La surprise du Rassemblement national
Pour sa première candidature dans la ville, Nicolas Lerègle du Rassemblement national réalise une performance notable avec 13,92% des voix. Ce résultat permet au parti d'extrême droite de se maintenir pour le second tour, formant ainsi un quadrangulaire inédit pour les élections municipales montoises. La liste Marsan citoyen, créée il y a moins d'un mois, ferme la marche avec seulement 6,34% et est éliminée.
Analyse des résultats et perspectives pour le second tour
L'avance de Frédéric Dutin, bien que mathématiquement logique dans un scrutin où droite et centre droit se partagent la même base électorale, reste modeste avec seulement 437 voix d'écart sur son plus proche concurrent. Une question se pose : sans la présence de Marsan citoyen, le socialiste aurait-il pu creuser un écart plus important ?
Plus surprenant est le score combiné de Charles Dayot et Geneviève Darrieussecq qui totalisent à eux deux plus de 50% des voix. Le maire sortant, malgré les affaires qui ont émaillé sa campagne, résiste mieux que prévu. Geneviève Darrieussecq, que beaucoup considéraient comme oubliée depuis son passage ministériel à Paris, réalise quant à elle un retour remarqué, ne devançant son ex-allié que de 245 bulletins.
Les stratégies pour le second tour du 22 mars
Charles Dayot, se prévalant d'avoir « été choisi par les Montois », a invité son ex-alliée à se retirer pour le second tour. Mais Geneviève Darrieussecq a clairement indiqué qu'elle n'en ferait rien, déclarant : « Au rugby, un match se joue en deux mi-temps.

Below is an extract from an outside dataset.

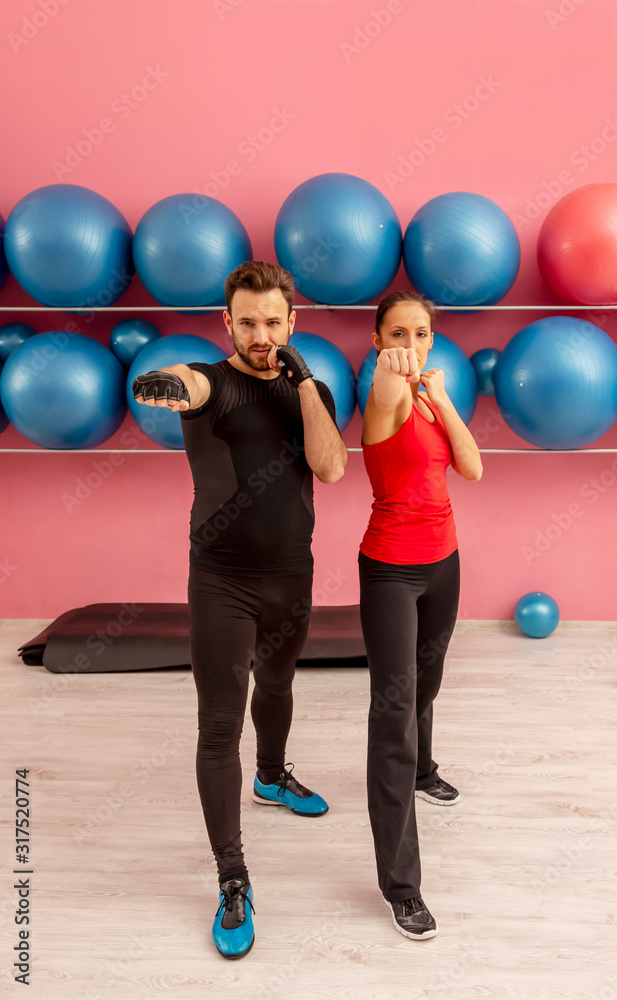 Naklejka premium Couple Training in a Gym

Ce n'est pas un score flatteur pour un maire sortant, ni pour la gauche réunie. »
Du côté du Rassemblement national, le maintien de Nicolas Lerègle poursuit un double objectif : s'ancrer durablement dans le paysage politique montois et, à plus long terme, peser sur des scrutins comme les sénatoriales grâce à l'obtention d'élus locaux.
La bataille électorale de dimanche prochain s'annonce particulièrement serrée, avec quatre candidats déterminés à l'emporter dans cette quadrangulaire historique pour Mont-de-Marsan.